Au Canada, le sujet ne fait pas débat, d’autant qu’il est ancré dans la culture de régulation depuis… plus d’un siècle ! La non discrimination du Telecommunications Act est héritée d’un même principe qui s’applique au transport ferroviaire depuis 1906 (Railways Act). La logique est simple : une infrastructure neutre “rend libre” ses utilisateurs et crée un effet de levier beaucoup plus fort sur l’ensemble de la société et de l’économie. Il n’y a certes pas de cadre spécifique à la neutralité du net au Canada, mais il y a au fond peut-être mieux que cela : un attachement durable, évident, à l’égalité d’accès aux réseaux. Tel l’érable, dont la floraison est peu spectaculaire, la saveur est à l’intérieur, dans la sève. Les États-Unis sont, eux, les rois de l’essuie-glace, avec un débat sur la neutralité du net qui ne cesse d’aller d’un côté puis de l’autre depuis plus de dix ans. Je me souviens de la visite que j’avais reçue à l’Arcep en 2015 des autorités américaines, venues faire la promotion de l’ “Open internet order” et de la communication déployée par la FCC au Mobile world congress à Barcelone la même année. À Washington, les cerisiers étaient en fleur cette semaine, mais les saisons changent vite…

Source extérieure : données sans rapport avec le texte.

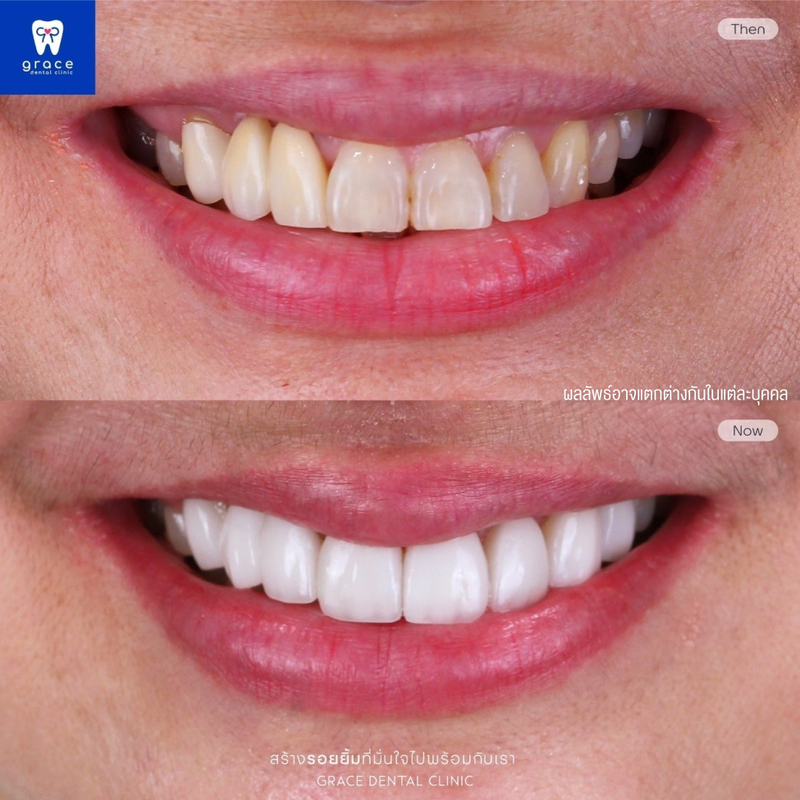 รีวิว ทำวีเนียร์ ที่ Grace Dental Clinic รูป 7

extraction de la sève d’érable

5G, alerte rouge sur l’Europe

Le Canada et les États-Unis partagent globalement le consensus mondial sur ce que sera la 5G : sur le marché résidentiel, essentiellement un upgrade de la 4G (en gros : plus de débit) ; en revanche une véritable révolution de la connectivité à travers un internet des objets généralisé et temps quasi-réel. Villes connectées, véhicules connectés, usines connectées, hôpitaux connectés, ports connectés et j’en passe.

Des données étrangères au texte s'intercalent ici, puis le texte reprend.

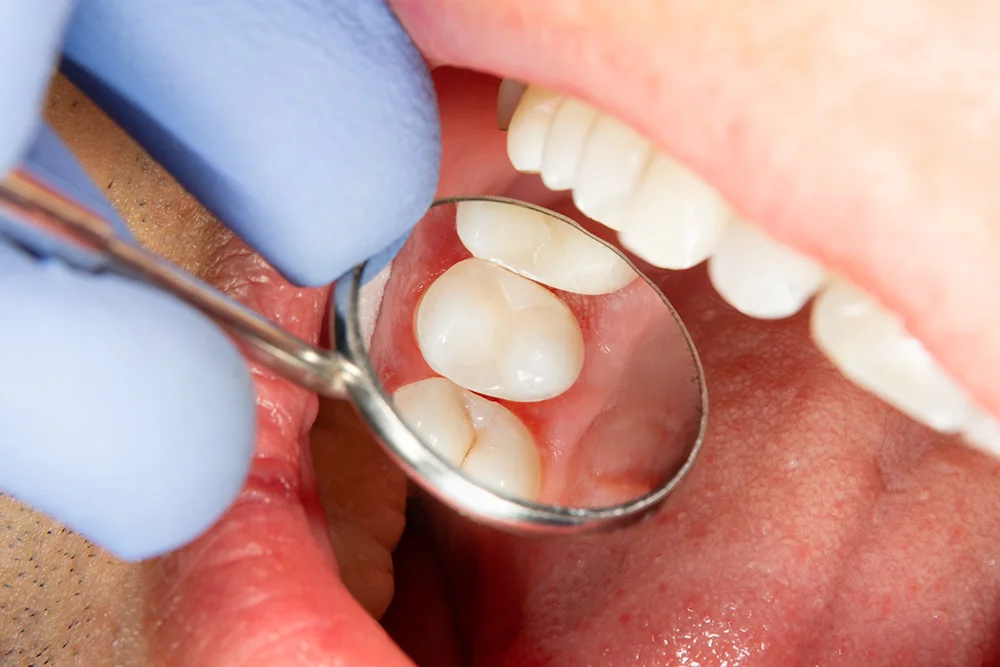 Two chewing side teeth of the upper jaw after treatment of caries. Sealants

Le corollaire de cette révolution de la connectivité que va apporter la 5G, c’est l’enjeu de compétitivité inédit que cela représente. Qu’un pays prenne du retard dans le développement de sa 3G et de sa 4G, c’est évidemment problématique (je ne vais pas dire le contraire vu l’énergie déployée par l’Arcep pour permettre la généralisation de la 4G en France) mais c’est d’abord un enjeu intérieur et télécom. Alors que les pays qui se positionneront plus vite sur la 5G seront en avance pour développer des véhicules autonomes et des solutions industrielles exportables, pour accroître la compétitivité de leurs infrastructures notamment portuaires et aéroportuaires et donc leur place dans le commerce mondial, pour doper l’efficacité et l’automatisation de l’ensemble du tissu industriel… La 5G sera donc un facteur essentiel de compétitivité d’un pays : non seulement pour la scène Tech, comme enabler du Big data et de l’IA en permettant le passage à l’échelle de la collecte de data (ce qui est d’ailleurs déjà largement possible avec d’autres technologies d’internet des objets tel que le LPWAN de Sigfox ou LoRa comme je le rappelle souvent), mais aussi tout simplement pour rester dans la course du commerce mondial.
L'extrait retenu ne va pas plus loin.